その姿を見るアーシャは、大剣を持つ力を強める。
「フンッ!!」
「く、来るか!」
大剣は投擲され、腰が引けているランを通り過ぎる。
またもや装甲車に命中し、タイヤと駆動系を潰した。
その結果を目にするアーシャは、首をまた右に左にと伸ばす。
「(……あー、死んだフリも訓練してたけど、着地失敗した、首いてー)」
「く、クソ!貴様だけは、貴様だけは必ず殺してやる!!」
「あっそ、頑張れよ」
見るからに素人感の溢れる構えを前に、アーシャは両手の関節をバキバキ鳴らす。
そして、覚悟を決めた表情を浮かべたランは、大剣を振りかぶりながら迫って来る。
「殺してやる!!」
「……」
迫って来た大剣をアーシャは破壊し、ついでにローキックでランの片膝を破壊する。
「ガアアア!!」
骨は折れ、駆動系からも火花を散らしながらランは膝から崩れ落ちる。
「チェックメイトだな、テメェ殺せば、ウィルソンの奴から褒賞貰える」
膝立ち状態のランを前に拳銃を装備したアーシャは、間合いの一歩前から狙いをつける。
すると、ランは憎しみの籠った目で睨んで来る。
「ギ、ギィィ、俺から故郷と家族を奪っただけでなく、部下まで奪うか!?」
「あ?」
「貴様が、俺の息子を目の前で殺した事は……決して忘れはせんぞ」
「……」
涙ながら訴えるランの姿に、アーシャは銃口を下げた。
以前鏡で見た自分の表情と、彼の顔を思わず重ねてしまう。
「俺の故郷を焼いたのは、間違いなく貴様らだ!」
「ッ!」
その言葉に、アーシャは心臓が飛び出そうになった。
「(同じだ、私と)」
徐々に動悸が起こり、冷や汗も吹き出して来る。
認めたくないが、先ほどまで散々憎んでいた連中と同じ罪を犯していた事実を突きつけられた。
「(いや、違う、違う)」
「だからこそ、俺は、貴様を殺す!その為に軍に入ったのだ!!」
「ッ、グ!!」
動揺していたアーシャに、一発の銃弾が撃ち込まれた。
寸前で回避したが、反応が遅れて頬を掠める。
血が流れと共に、焼けたような痛みがアーシャに襲いかかった。
「(……こいつ等が、敵だから)」
撃たれた個所を抑えるアーシャは、息を荒くしながら再び銃を構える。
「キッ!」
「グッ!」
それはランも同じ。
双方の銃が向かい合い、二つの銃声が同時に響く。
「……」
眉間に穴を開けながら倒れていくランを前に、アーシャは歯を食いしばりながら何度も引き金を引く。

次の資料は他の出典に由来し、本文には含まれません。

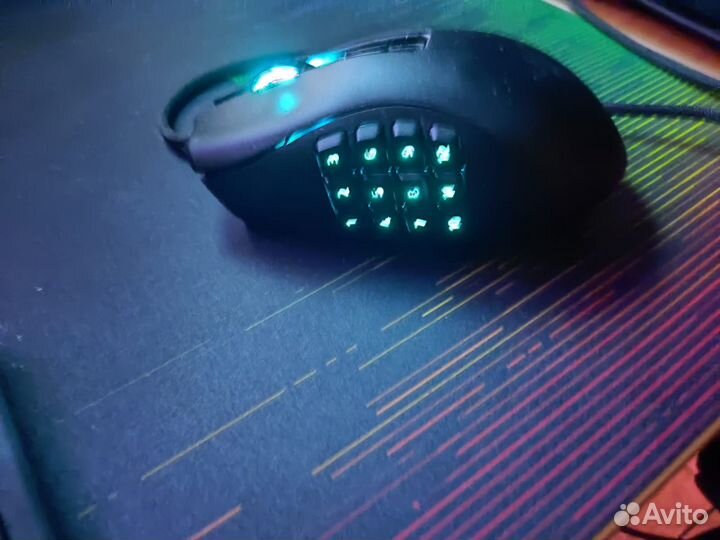 Razer Naga X мышь с подсветкой и макросами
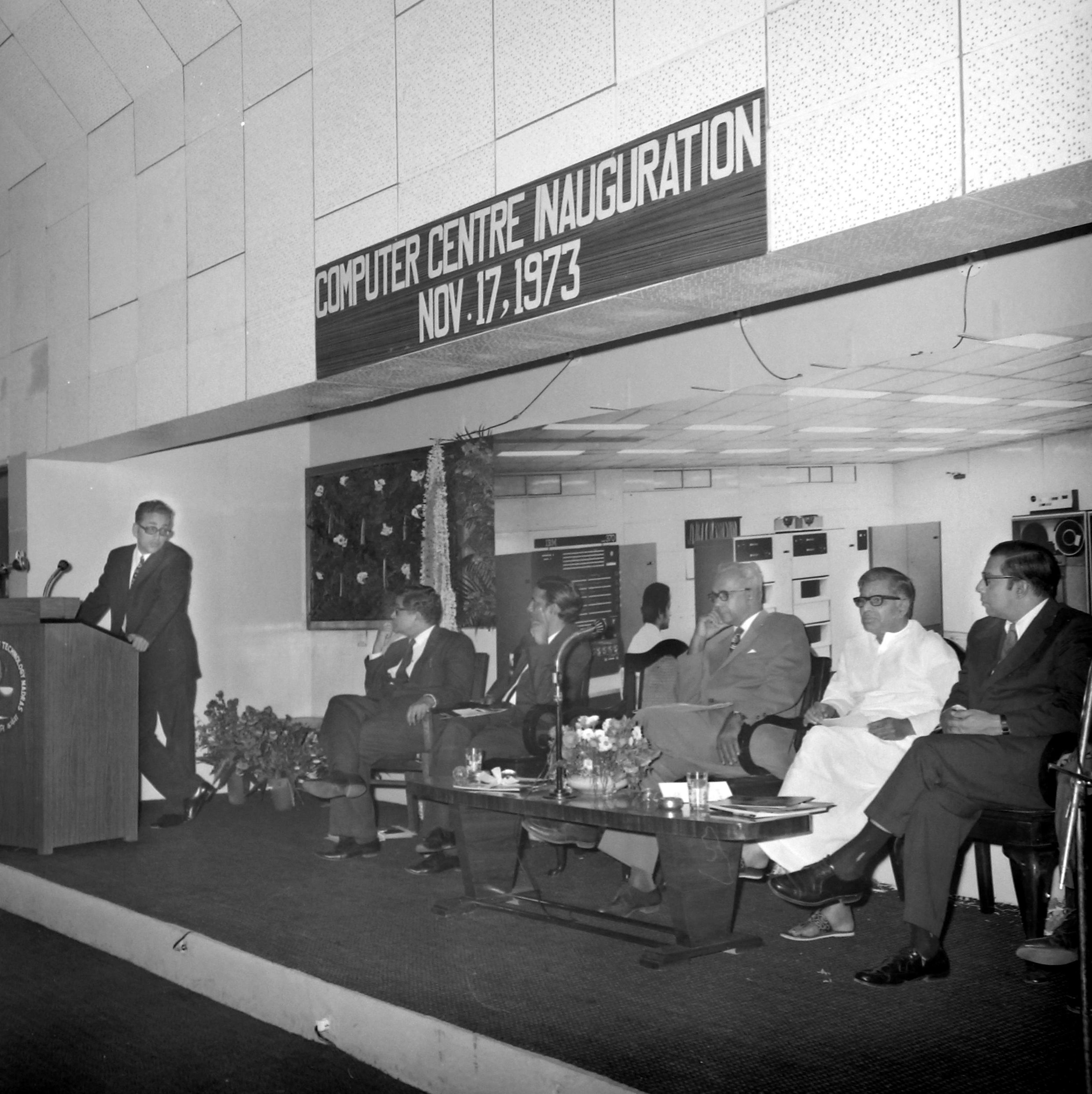 Bundesminister Erhard Eppler bei der Einweihung des Computer Centers am Indian Institute of Technology Madras (IIT Madras) in Indien, 1973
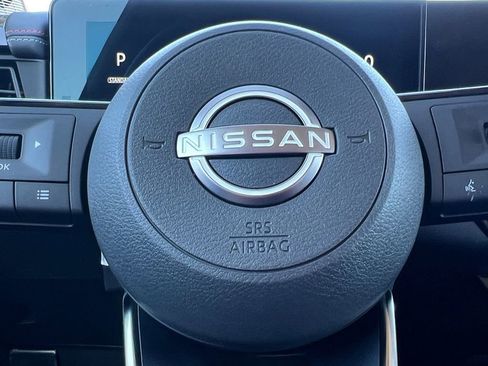 New 2026 Nissan Kicks SR image 5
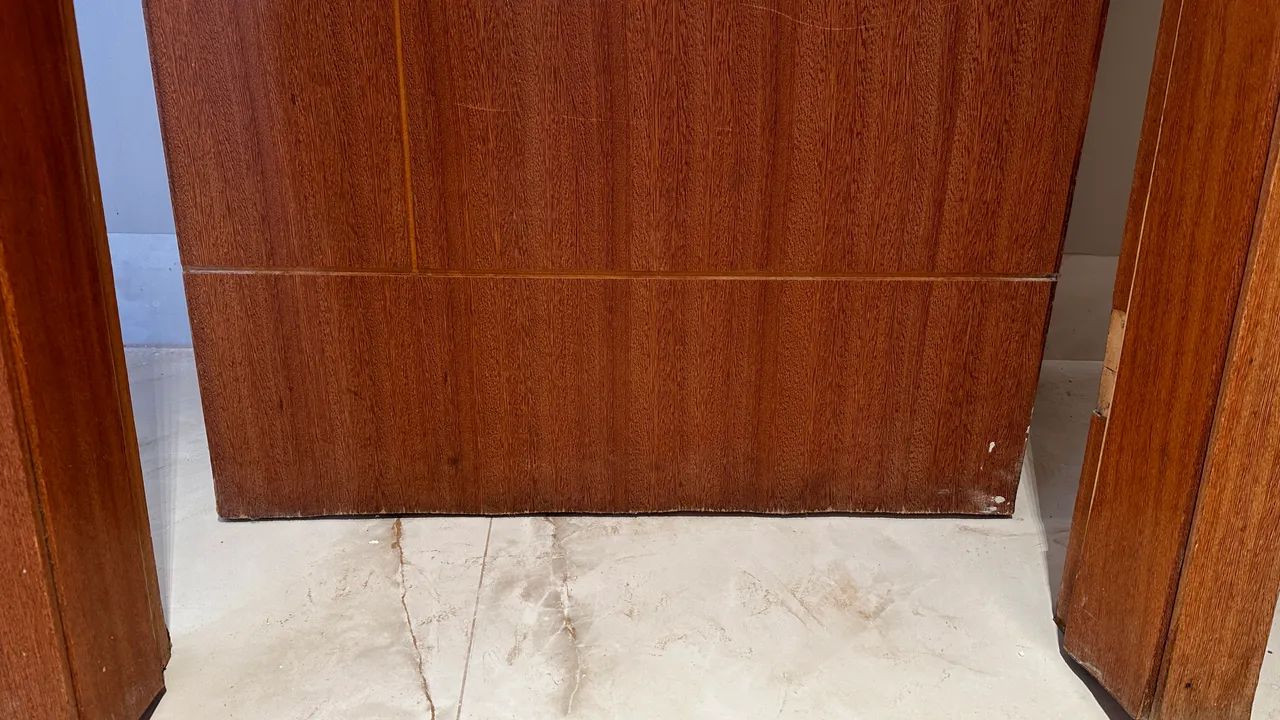 Vendo porta de madeira com caixilho e vista frontal - Foto 4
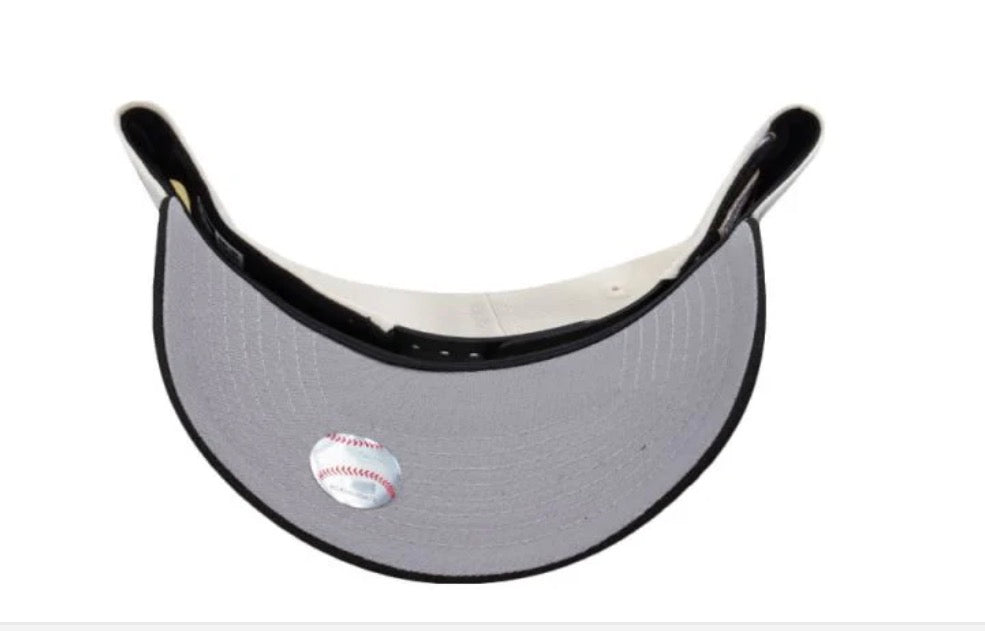 New York Yankees World Series 1996 Script Chrome Two Tone Edition 9FORTY A-Frame Snapback N: 00752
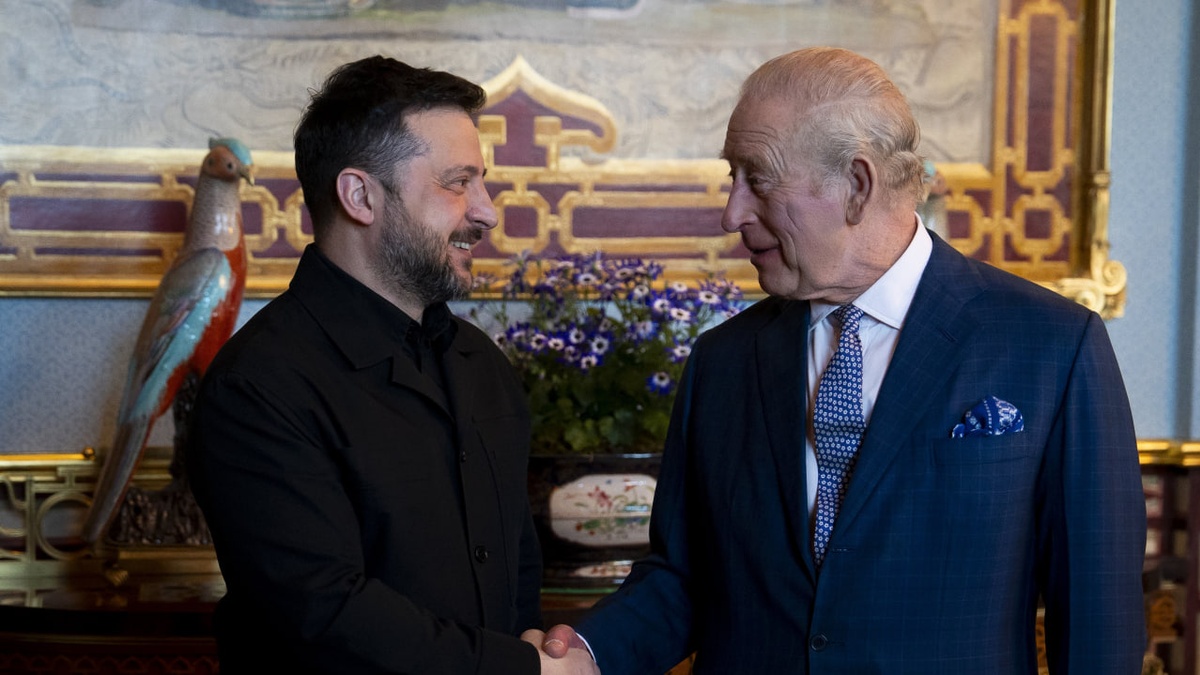 Zelenskyy gifts King Charles III iPad showing real-time Ukrainian military operations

「敵を撃って、何が悪い、無関係なのに、襲って来たアイツ等とは」
弾倉が空になろうと引き金を引くアーシャは、ゆっくりと銃を下ろす。
「……絶対に、違う」
片手で顔を覆うアーシャは、近くのビルの窓に目を向ける。
そこに映ったのは、悪夢の中に何度も出て来た男。
ビーキーパーズの頭目が、アーシャと同じポーズを取っていた。
「……そうじゃない、違うんだ、そうだろ?教えてくれ、ケフュレス」
倒れるランを当時殺された両親と重ねたアーシャは、膝から崩れ落ちた。
首を何度も横にふりながら、また彼女の助けを求めてしまった。
聞き慣れた音が近づいて来るような気もしたが、何の音なのかさえ思い出せず、考える気にもなれなかった。